Tag Archives: 1980s

Speaking & Spelling

She heard a robotic voice, somehow reminiscent of the 1980s, echoing up the stairs, possibly from the living room. She poked her head out of the sewing room to listen.
I-L-O
“What the heck is that? What are you doing down there?” she yelled down to him.
V-E
“Seriously! What the heck is that voice? It sounds like a robot.”
She waited for an answer, but he stayed silent. It was just her and the strange robot.
Y
She had enough and dropped the fabric she was sewing onto the chair. “That’s it, I’m coming down there!” She was smiling now.
O
“If that’s what I think it is you’re in big trouble, mister!”
U
She jumped to skip the last few steps and slid a little on the hardwood floor because of her socks. As she grabbed the bannister and slid around it she had a view of the love seat across the room where he was sitting with a giant, sly grin on his face and a red machine of some sort on his lap.
“You didn’t!” she yelled as she ran across and jumped onto the love seat and hugged him.
“Like it? I found it at a yard sale down the street while you were sewing. Still works!”
She went to hug him again but instead, as he prepared for the love, she snatched the machine from his hands.
“I love Speak & Spell! I had this as a kid! I’m playing.”
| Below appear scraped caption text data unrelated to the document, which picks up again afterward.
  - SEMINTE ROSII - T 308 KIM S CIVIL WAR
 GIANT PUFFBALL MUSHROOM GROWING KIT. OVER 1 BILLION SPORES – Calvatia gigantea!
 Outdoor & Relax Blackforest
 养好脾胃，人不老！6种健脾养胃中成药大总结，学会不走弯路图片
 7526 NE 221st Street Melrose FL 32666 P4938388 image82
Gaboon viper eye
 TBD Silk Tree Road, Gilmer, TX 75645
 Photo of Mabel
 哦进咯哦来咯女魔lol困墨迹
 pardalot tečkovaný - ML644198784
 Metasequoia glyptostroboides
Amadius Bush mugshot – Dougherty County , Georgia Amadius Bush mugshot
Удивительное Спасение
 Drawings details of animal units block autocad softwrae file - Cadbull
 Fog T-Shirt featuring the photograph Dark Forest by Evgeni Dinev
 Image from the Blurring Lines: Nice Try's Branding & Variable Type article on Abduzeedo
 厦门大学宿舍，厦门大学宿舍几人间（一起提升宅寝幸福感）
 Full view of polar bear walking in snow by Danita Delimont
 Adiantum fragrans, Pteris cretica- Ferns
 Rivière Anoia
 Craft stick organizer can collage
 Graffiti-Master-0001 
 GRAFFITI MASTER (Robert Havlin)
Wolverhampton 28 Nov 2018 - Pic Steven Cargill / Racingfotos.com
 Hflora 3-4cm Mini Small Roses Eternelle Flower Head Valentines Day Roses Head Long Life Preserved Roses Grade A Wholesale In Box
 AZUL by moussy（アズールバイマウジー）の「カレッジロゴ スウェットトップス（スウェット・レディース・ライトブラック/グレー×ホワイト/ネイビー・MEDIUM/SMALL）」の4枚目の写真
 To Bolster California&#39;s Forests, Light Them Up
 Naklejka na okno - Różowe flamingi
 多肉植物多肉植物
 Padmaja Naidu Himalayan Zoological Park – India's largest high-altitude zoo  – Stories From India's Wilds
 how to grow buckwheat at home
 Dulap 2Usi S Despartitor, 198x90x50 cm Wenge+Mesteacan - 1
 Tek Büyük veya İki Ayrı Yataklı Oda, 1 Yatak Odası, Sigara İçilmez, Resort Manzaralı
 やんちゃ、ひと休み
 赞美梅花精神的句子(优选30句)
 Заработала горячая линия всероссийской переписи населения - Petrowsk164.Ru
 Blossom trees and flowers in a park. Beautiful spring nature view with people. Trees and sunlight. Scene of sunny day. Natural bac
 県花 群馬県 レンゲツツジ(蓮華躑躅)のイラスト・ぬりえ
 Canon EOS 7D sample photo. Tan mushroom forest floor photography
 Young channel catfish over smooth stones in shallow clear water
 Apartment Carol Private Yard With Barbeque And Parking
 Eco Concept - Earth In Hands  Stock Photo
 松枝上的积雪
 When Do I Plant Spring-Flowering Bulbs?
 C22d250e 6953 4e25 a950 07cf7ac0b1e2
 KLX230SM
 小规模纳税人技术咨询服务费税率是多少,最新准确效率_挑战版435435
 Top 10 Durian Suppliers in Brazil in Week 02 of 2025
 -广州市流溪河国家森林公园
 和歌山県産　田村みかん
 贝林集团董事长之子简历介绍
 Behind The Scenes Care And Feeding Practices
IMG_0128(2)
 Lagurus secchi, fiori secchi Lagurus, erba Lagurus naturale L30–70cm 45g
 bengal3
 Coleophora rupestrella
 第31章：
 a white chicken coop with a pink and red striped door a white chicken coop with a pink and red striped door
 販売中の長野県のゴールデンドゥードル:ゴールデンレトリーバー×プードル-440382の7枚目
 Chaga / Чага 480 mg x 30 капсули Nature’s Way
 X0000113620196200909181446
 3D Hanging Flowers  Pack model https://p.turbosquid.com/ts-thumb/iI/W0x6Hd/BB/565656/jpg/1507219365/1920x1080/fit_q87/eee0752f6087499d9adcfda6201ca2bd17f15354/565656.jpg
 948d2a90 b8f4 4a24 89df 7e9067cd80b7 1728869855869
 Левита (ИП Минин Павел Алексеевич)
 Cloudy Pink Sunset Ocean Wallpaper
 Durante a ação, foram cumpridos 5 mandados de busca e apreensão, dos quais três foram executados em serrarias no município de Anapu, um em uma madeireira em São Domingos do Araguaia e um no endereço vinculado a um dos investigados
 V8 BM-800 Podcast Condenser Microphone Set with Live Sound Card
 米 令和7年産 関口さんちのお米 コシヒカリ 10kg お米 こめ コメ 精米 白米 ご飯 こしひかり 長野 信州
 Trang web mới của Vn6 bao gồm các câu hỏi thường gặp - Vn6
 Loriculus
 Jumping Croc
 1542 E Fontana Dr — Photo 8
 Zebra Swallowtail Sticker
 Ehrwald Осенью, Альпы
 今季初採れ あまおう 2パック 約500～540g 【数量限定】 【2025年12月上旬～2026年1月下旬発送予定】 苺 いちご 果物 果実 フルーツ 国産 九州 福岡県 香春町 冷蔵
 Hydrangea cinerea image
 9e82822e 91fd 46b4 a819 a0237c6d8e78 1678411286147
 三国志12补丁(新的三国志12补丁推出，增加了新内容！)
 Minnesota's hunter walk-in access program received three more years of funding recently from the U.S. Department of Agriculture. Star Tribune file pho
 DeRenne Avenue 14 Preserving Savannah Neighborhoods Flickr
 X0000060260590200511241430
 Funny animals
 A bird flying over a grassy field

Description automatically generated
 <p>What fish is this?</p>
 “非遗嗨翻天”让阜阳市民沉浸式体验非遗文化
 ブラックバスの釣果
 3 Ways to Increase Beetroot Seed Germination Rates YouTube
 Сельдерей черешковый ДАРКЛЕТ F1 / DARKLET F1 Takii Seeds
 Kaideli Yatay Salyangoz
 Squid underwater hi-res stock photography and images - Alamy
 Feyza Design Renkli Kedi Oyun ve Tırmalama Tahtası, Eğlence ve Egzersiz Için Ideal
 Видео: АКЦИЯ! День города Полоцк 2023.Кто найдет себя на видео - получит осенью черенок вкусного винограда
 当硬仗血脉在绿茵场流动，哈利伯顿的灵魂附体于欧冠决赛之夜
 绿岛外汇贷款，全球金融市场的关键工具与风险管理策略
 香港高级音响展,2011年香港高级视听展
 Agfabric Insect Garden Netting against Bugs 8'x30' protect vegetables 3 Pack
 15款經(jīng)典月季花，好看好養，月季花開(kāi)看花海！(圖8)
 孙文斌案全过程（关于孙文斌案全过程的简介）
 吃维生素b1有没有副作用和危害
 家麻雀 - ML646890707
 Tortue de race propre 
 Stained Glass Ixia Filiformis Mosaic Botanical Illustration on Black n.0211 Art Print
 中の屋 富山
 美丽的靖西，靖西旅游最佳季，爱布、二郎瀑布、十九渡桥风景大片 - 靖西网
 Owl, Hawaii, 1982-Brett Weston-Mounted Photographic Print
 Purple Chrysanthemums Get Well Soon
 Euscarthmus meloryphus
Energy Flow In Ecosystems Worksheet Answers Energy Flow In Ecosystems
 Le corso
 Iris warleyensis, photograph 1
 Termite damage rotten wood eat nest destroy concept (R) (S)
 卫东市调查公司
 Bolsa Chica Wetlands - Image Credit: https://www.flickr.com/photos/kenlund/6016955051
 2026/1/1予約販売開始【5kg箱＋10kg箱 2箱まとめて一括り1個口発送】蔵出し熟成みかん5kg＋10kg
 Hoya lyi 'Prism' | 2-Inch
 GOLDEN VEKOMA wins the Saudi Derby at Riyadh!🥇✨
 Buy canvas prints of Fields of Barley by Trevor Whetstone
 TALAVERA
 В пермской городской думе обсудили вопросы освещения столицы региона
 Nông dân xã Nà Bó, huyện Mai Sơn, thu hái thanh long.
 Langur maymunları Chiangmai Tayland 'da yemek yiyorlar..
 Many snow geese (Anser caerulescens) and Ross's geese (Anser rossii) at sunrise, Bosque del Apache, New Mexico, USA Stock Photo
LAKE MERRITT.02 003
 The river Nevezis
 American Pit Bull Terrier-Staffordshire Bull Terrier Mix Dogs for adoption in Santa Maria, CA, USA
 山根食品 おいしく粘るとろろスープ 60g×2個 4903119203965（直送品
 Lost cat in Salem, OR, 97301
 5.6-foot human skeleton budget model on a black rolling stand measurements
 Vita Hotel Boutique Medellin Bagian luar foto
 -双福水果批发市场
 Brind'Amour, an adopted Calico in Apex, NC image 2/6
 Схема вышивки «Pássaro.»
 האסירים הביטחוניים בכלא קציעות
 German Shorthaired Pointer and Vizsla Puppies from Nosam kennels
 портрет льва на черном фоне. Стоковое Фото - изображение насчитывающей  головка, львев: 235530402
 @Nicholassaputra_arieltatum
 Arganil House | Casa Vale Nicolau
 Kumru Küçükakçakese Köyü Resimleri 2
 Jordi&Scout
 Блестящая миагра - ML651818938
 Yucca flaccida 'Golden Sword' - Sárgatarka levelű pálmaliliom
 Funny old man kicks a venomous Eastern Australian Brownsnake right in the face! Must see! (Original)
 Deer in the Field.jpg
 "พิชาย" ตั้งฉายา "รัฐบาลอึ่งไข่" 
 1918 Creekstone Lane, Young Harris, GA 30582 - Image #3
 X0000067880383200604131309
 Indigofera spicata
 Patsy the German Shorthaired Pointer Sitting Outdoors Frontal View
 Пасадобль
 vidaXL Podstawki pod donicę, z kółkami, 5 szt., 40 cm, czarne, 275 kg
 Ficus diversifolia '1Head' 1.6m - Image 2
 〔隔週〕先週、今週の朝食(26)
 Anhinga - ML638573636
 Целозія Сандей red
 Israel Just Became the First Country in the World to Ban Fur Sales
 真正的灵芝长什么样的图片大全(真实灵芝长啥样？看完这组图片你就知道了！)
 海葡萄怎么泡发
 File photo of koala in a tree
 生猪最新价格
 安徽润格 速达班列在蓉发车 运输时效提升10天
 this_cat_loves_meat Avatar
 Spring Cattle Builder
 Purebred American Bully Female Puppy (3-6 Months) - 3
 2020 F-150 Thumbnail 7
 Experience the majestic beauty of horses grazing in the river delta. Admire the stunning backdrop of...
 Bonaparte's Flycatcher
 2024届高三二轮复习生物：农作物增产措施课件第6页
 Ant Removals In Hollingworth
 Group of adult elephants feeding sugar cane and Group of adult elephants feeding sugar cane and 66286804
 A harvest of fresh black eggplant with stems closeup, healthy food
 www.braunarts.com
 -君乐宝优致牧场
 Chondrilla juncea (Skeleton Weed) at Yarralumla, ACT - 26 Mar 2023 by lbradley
First she ran her fingers across the multi-colored keyboard, then across the words Texas Instruments. She giggled at the little icon that included the state of Texas in the corner. Her finger landed on the Go button and it spoke in a monotone voice. “Spell-through.
“How do you know which through it is?” he asked her.
“Hell if I know. This thing is thirty years old! I’m just guessing!”
She pushed the buttons and the robot spoke the letters as she hit them.
T-H-R-O-U-G-H- that is correct. Now spell, love.”
She smiled and started again.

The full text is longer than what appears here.